Is my pump dead? help

Hello all! Everything has been running fine up until yesterday. We had a bad storm come through early in the morning. The power flickered on and off a few times before I left for work. When I left it was back on but it was raining so hard that when I did my usual pool lookout I couldn't even tell if the water water circulating. No biggie, I thought and headed to work. When I came home from work it was still raining hard. After the rain stopped I noticed the pool was not circulating. I went out to the pump area and immediately turned off the timer switch. The pump plugs into an outlet which leads to the timer. I turned the switch back on and nothing. So I checked the outlet, pushed the test button - nothing, pushed the reset button - nothing. Neither clicked in and neither clicked out. So first thought was outlet is bad. I dragged an extension cord out to the pump, plugged it in and then plugged the extension cord to a working outdoor outlet. This outlet tripped. I reset it, saw the glow light on extension cord so I plugged the pump back in, light went out again so I new outlet had tripped again. SO, do you think my pump is dead? What steps can I take from here to determine if it is infact dead? I changed the capacitor a while back, even then it hummed but didn't turn. Now it makes no sound at all.
THANKS!!
~Erin
 
Overheating and high current draw won't pop your outlet GFCI, you will pop your branch circuit breaker. GFCI's pop when there is a leakage to ground--although nearby lightning can freak them out, I have found. If cap has been changed, humming while stopped suggests a broken start/run switch (this is a centrifugal switch that acts when the motor spins up to speed).

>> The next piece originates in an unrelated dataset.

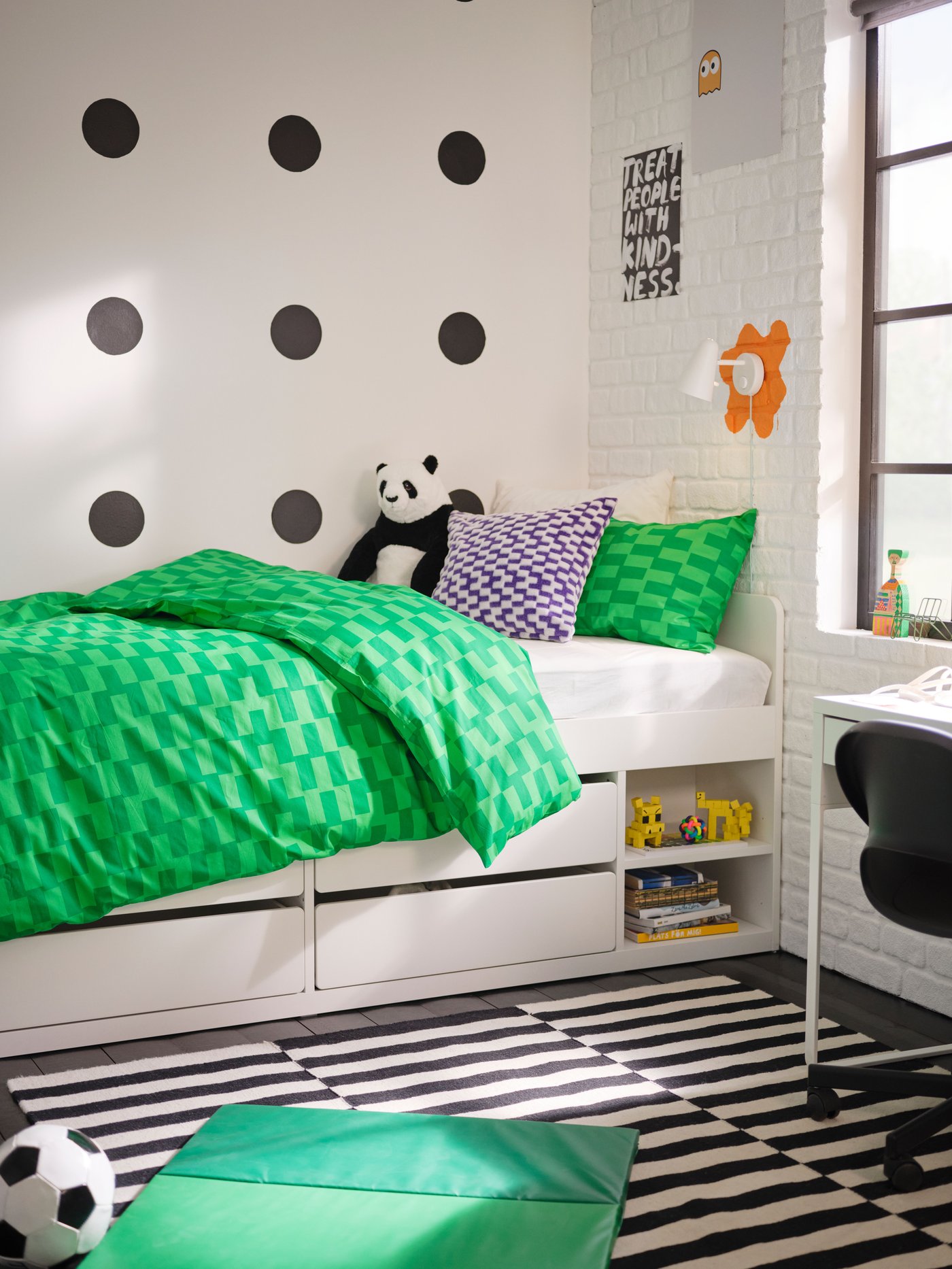 A green PLUFSIG folding gym mat in the childrens room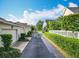 Quiet street featuring well-maintained townhomes with manicured landscaping and tree-lined sidewalks at 2240 Osprey Ave, Orlando, FL 32814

Is this motor exposed to the weather? I'm thinking corrosion has gotten to the works of this motor and causing a current leak when it rains, popping the GFCI. At the same time, corrosion may have gotten to the start/run switch, too, causing the problems on restart. Or, your cap may have fried again. Lightning is also not good to motor caps.

There is no real substitute for opening it up and checking the state of the internal workings.
 
I'm gonna hijack this thread just a bit and comment on what an excellent post durk made above.

It is great to have folks like him on the forum who not only have the background and knowledge needed, but can express it in a way that even us electrically-challenged folks can understand perfectly.